> Task to complete
Below are entries with pictures in them. Output exactly the lines starting at the line with "Kaemingk / Candelabrum" and ending at the line with "Fila sale red hat", both included, but not the pictures.

=== Entries supplied ===

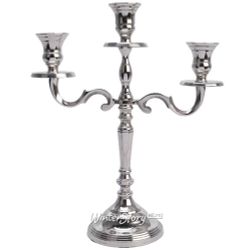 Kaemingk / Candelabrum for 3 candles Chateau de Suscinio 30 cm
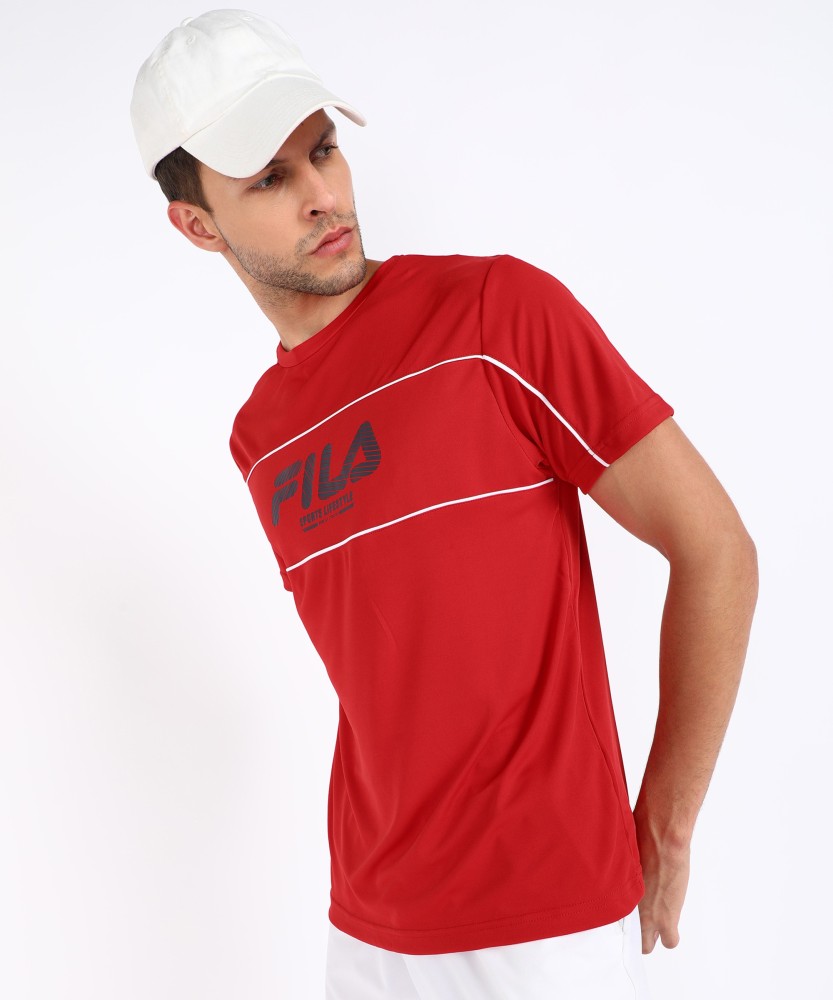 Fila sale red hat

===
=== Entries supplied ===

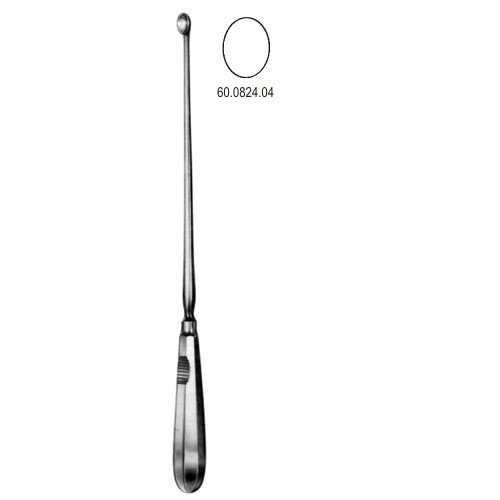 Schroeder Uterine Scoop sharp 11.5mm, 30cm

===
=== Entries supplied ===

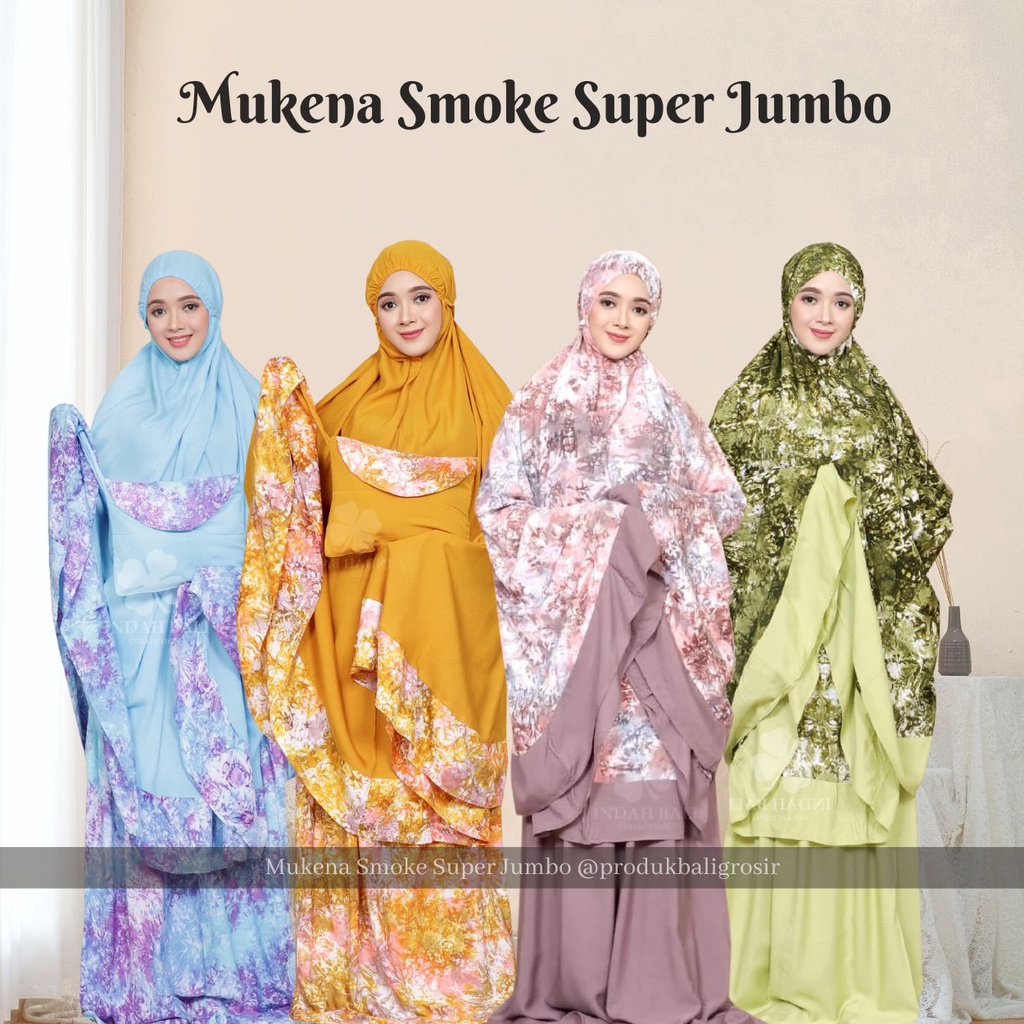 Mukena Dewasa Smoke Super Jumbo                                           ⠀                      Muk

===

> Exercise result
 Kaemingk / Candelabrum for 3 candles Chateau de Suscinio 30 cm
 Fila sale red hat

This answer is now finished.